Extracted material
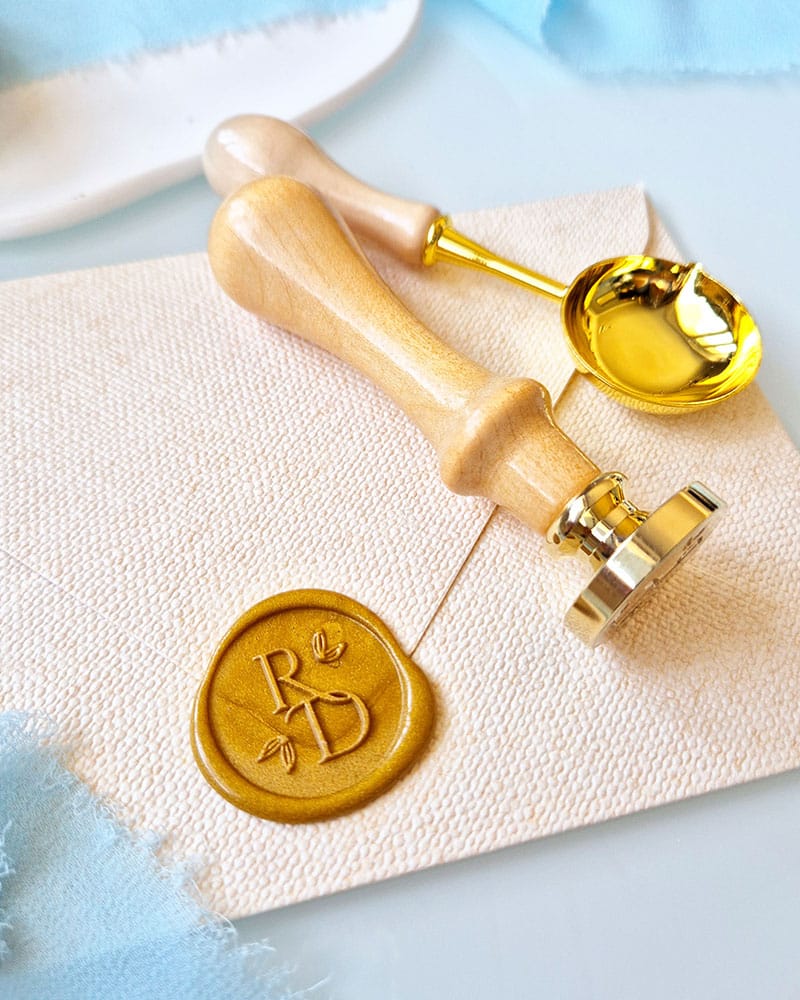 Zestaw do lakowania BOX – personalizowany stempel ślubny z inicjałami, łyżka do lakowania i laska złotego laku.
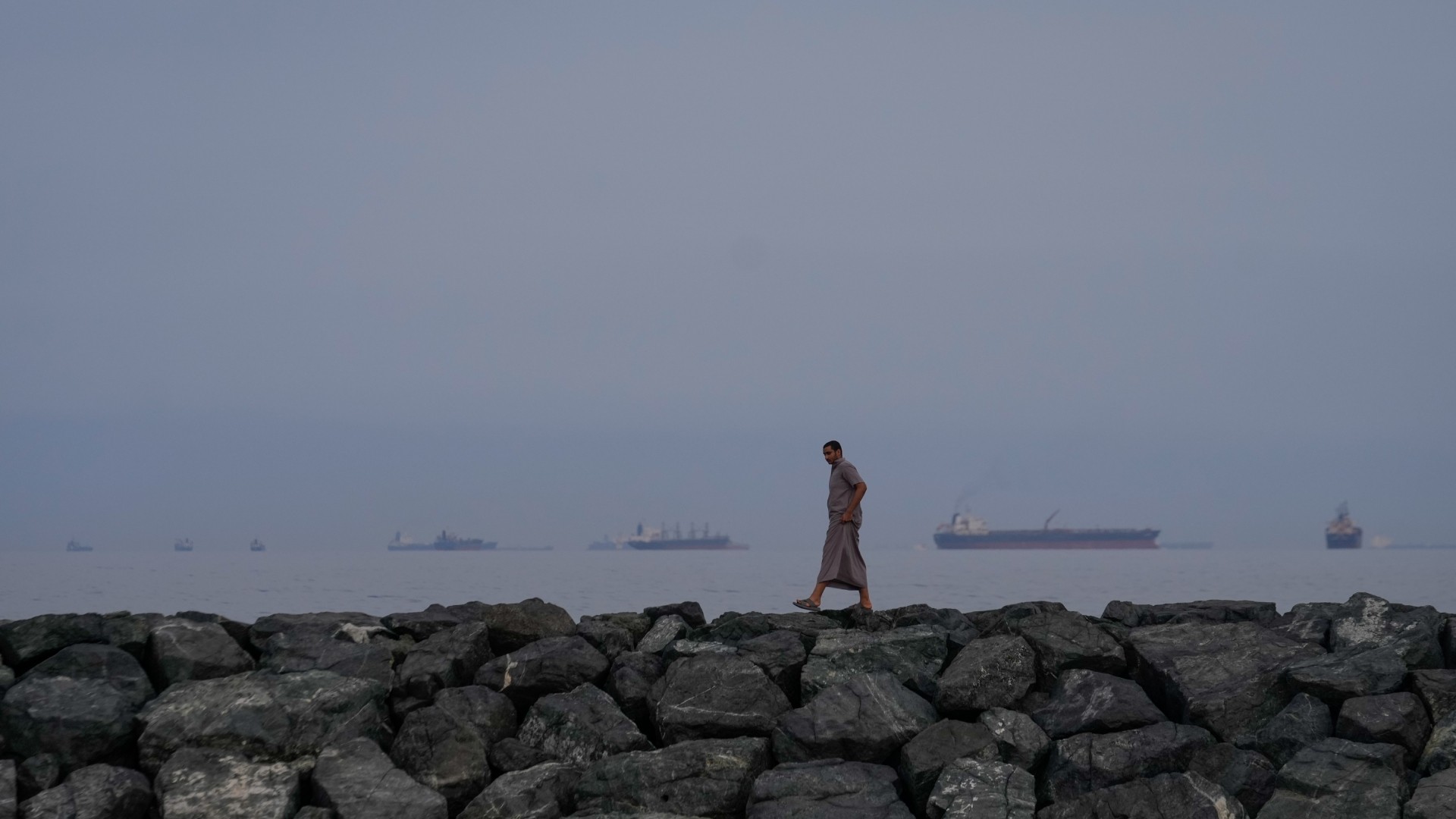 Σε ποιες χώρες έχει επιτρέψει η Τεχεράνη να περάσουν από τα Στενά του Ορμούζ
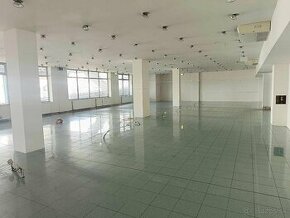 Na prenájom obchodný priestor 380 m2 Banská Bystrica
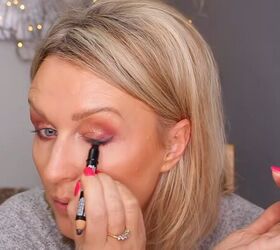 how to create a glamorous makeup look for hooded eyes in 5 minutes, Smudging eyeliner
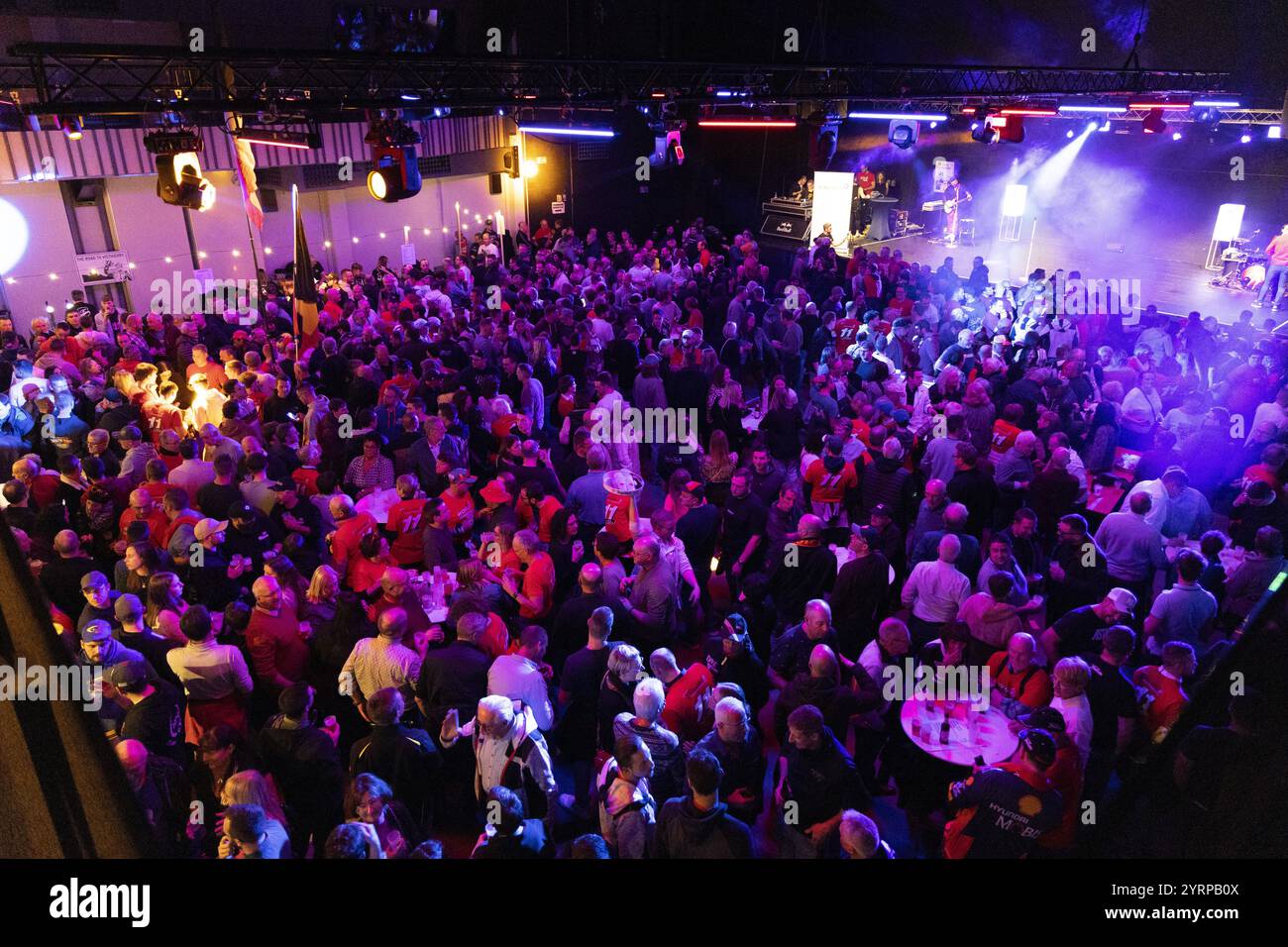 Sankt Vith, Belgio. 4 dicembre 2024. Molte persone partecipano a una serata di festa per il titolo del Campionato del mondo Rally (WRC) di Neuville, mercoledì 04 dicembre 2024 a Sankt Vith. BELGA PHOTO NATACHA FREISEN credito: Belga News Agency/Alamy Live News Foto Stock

Exercise requirements
No pictures go in the copy. Retype exactly the lines from the one with "Na prenájom obchodný" through the last line of the entries above, both included, and nothing more.

Output of the task
 Na prenájom obchodný priestor 380 m2 Banská Bystrica
 how to create a glamorous makeup look for hooded eyes in 5 minutes, Smudging eyeliner
 Sankt Vith, Belgio. 4 dicembre 2024. Molte persone partecipano a una serata di festa per il titolo del Campionato del mondo Rally (WRC) di Neuville, mercoledì 04 dicembre 2024 a Sankt Vith. BELGA PHOTO NATACHA FREISEN credito: Belga News Agency/Alamy Live News Foto Stock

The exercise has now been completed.